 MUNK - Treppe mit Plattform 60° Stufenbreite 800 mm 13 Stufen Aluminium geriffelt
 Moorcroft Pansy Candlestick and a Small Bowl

════

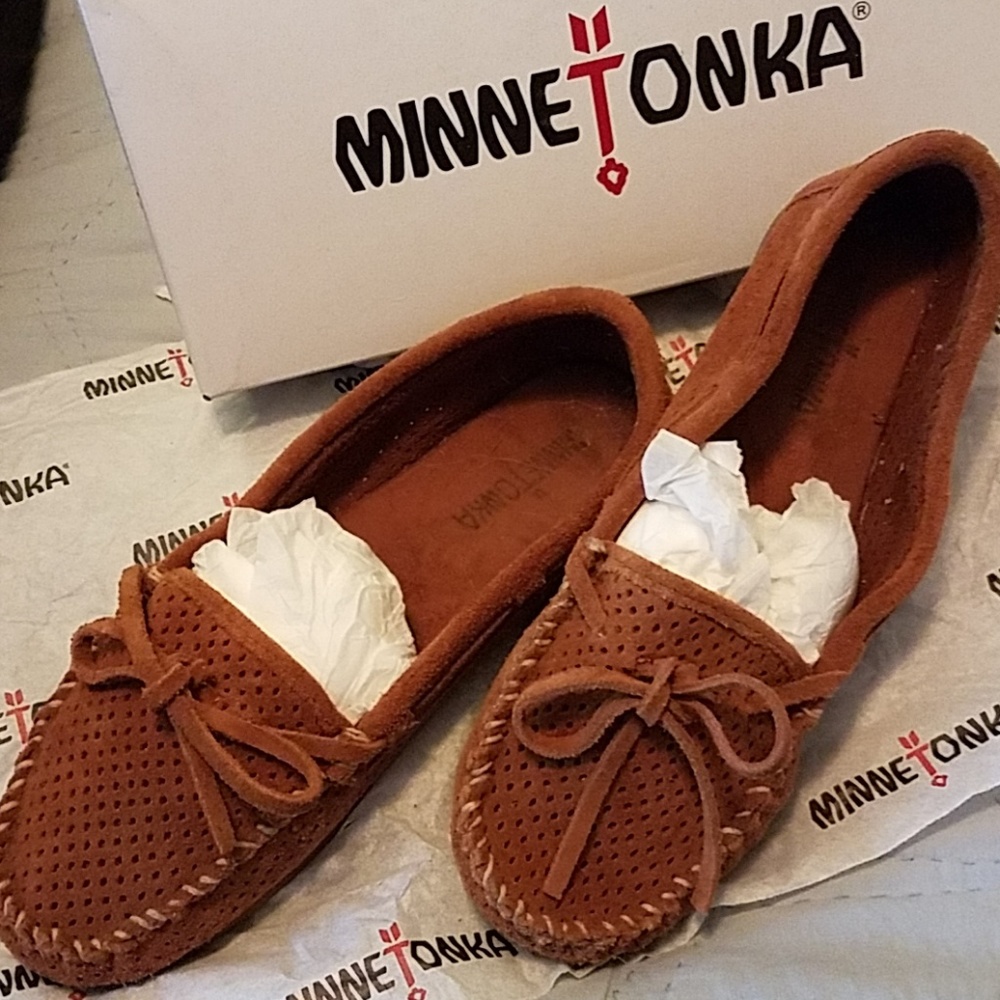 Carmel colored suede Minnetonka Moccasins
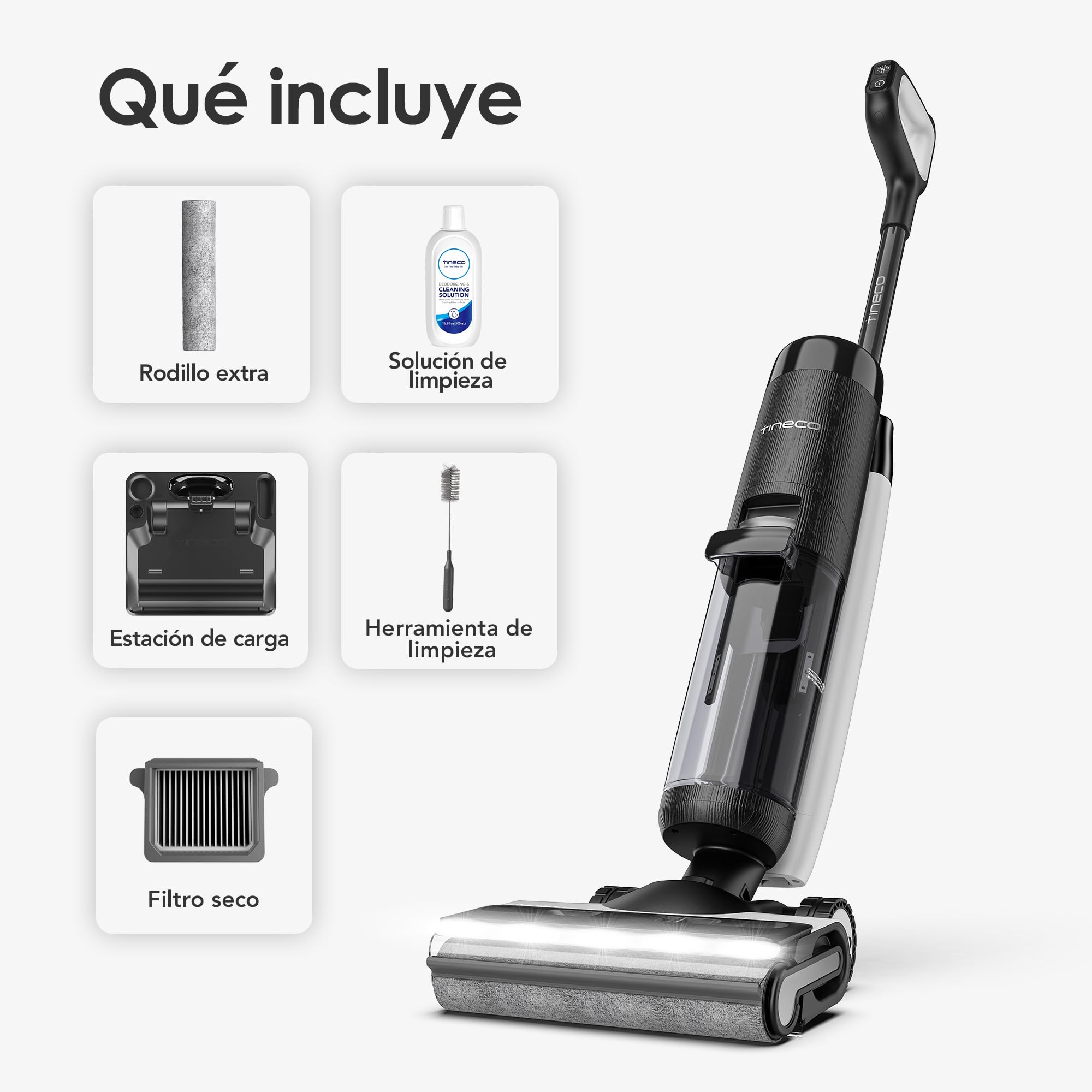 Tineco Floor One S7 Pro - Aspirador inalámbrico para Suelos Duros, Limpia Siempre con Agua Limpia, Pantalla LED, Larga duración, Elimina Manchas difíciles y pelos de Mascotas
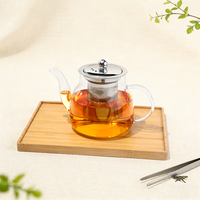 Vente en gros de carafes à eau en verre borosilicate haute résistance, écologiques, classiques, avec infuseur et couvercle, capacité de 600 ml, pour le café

════

**EXERCISE PROMPT**
Please give an exact copy of the lines above, beginning with the line containing "MUNK - Treppe" and running through the line containing "Moorcroft Pansy Candlestick and a Small Bowl", and of no other lines.

**RESPONSE TO THIS TASK**
 MUNK - Treppe mit Plattform 60° Stufenbreite 800 mm 13 Stufen Aluminium geriffelt
 Moorcroft Pansy Candlestick and a Small Bowl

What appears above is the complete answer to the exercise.